1ª – O requerente, ora recorrido, nunca invocou, na petição inicial, como fundamento de direito, a violação dos preceitos contidos na alínea a) do n.º 1 do artigo 120º do Código de Processo nos Tribunais Administrativos.

2ª – Contudo, tendo em conta a matéria factual provada, concluiu a sentença que a situação posta a juízo encontra enquadramento e fundamento legal na alínea a) do n.º1 do artigo 120º do Código de Processo nos Tribunais Administrativos, cujos requisitos tem como verificados, por não se oferecerem dúvidas da evidente procedência da acção principal do requerente, tornando-se então, por isso, desnecessária a apreciação dos demais pressupostos processuais invocados pelo requerente.
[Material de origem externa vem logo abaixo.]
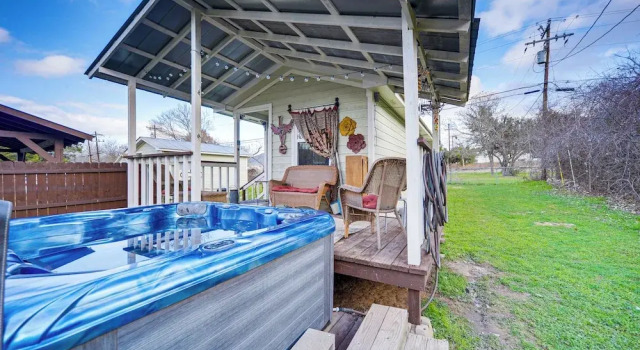 Коттедж Cozy Canyon Lake Cottage Rental w/ Private Hot Tub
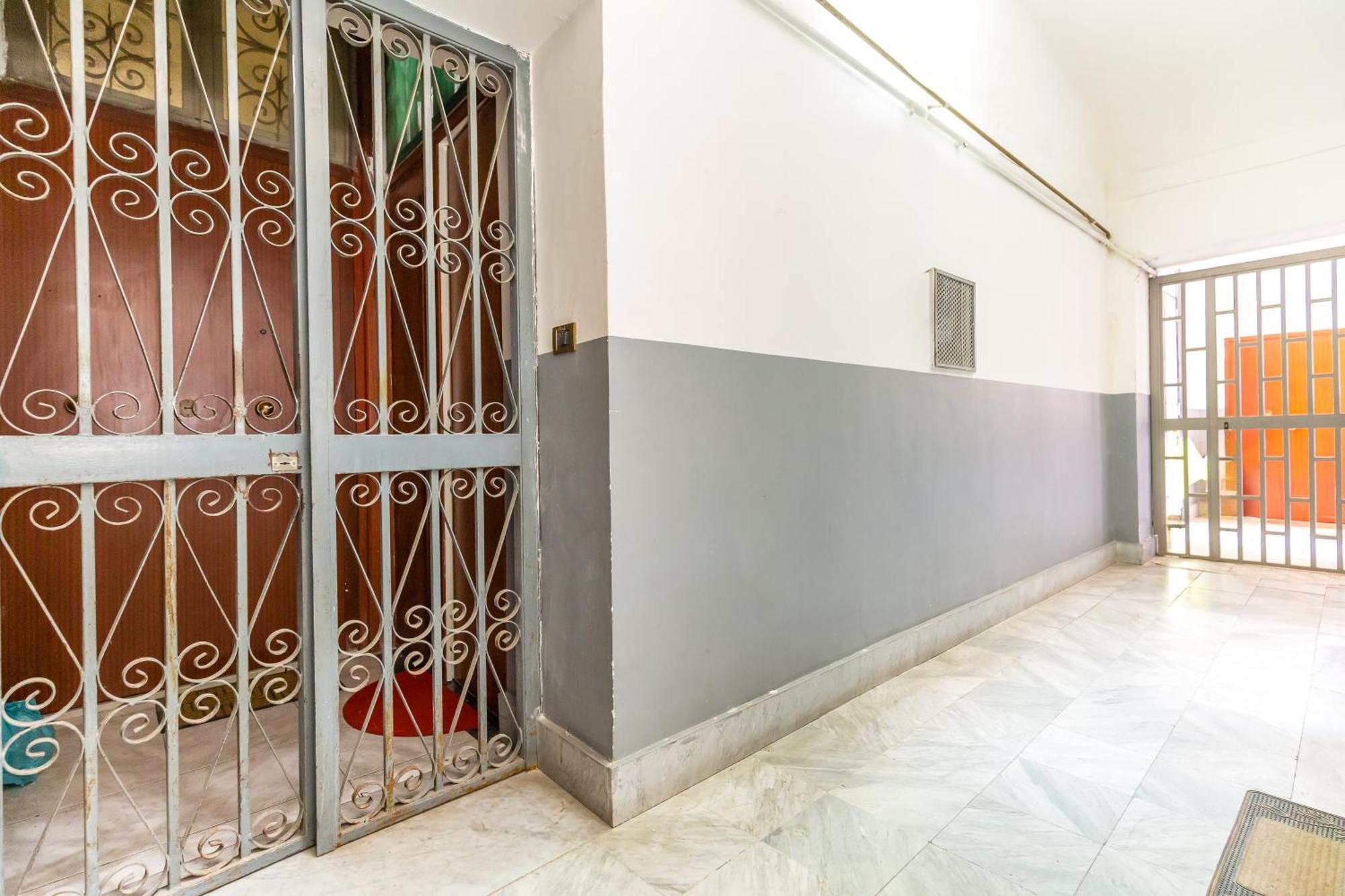 Red Comfort Flat Near Garibaldi Station * Naples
3ª – E, assim sendo, não haveria que provar, na perspectiva do Tribunal a quo, a existência de um fundado receio de constituição de uma situação de facto consumado ou de difícil reparação de danos, nem de ponderar os eventuais prejuízos que a concessão pudesse vir a causar ao interesse público.
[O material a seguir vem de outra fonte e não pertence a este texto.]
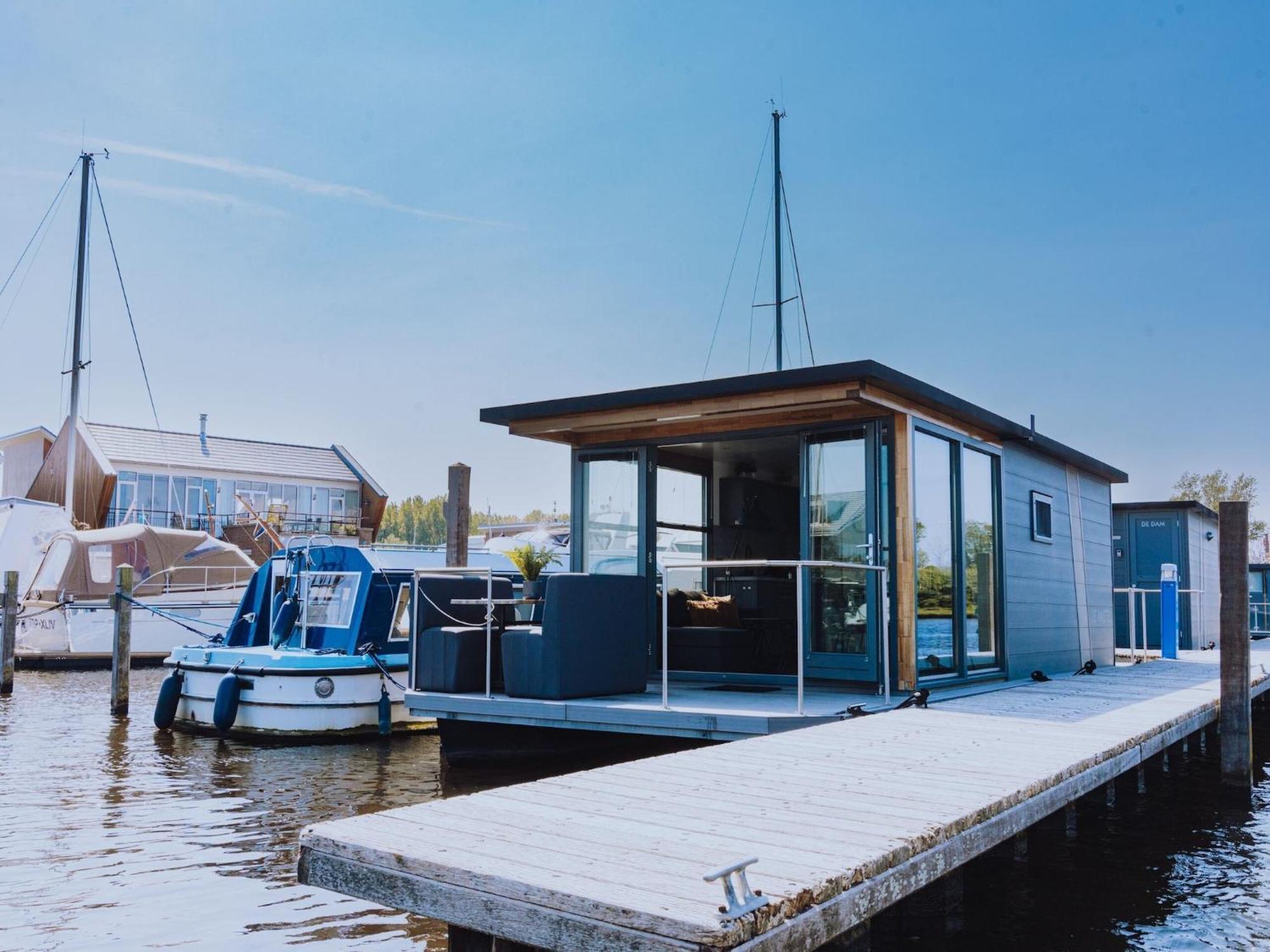 Modern Houseboat With Air Conditioning Located In Marina Uitgeest Exterior photo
4ª – Acontece que o direito aplicado na douta sentença não é o direito aplicável in casu como aliás resulta da contestação do réu, aqui recorrente.
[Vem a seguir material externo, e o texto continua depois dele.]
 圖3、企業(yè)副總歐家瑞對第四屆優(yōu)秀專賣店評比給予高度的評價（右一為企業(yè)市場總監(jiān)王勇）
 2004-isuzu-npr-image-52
5ª – Com efeito, em 15 de Janeiro de 2016, data da interposição da providência em juízo, o n.º1 do artigo 120º do Código de Processo nos Tribunais Administrativos já não integrava qualquer alínea, nem obviamente a alínea a) transcrita na sentença recorrida, por força da alteração da sua redacção operada pelo Decreto-Lei n.º 214-G/2015, de 2 de Outubro, que entrou e, vigor após a sua publicação.

6ª – A nova redacção do n.º1 do artigo 120º do Código de Processo nos Tribunais Administrativos passou a ter a seguinte redacção:

“1 - Sem prejuízo do disposto nos números seguintes, as providências cautelares são adotadas quando haja fundado receio da constituição de uma situação de facto consumado ou da produção de prejuízos de difícil reparação para os interesses que o requerente visa assegurar no processo principal e seja provável que a pretensão formulada ou a formular nesse processo venha a ser julgada procedente.”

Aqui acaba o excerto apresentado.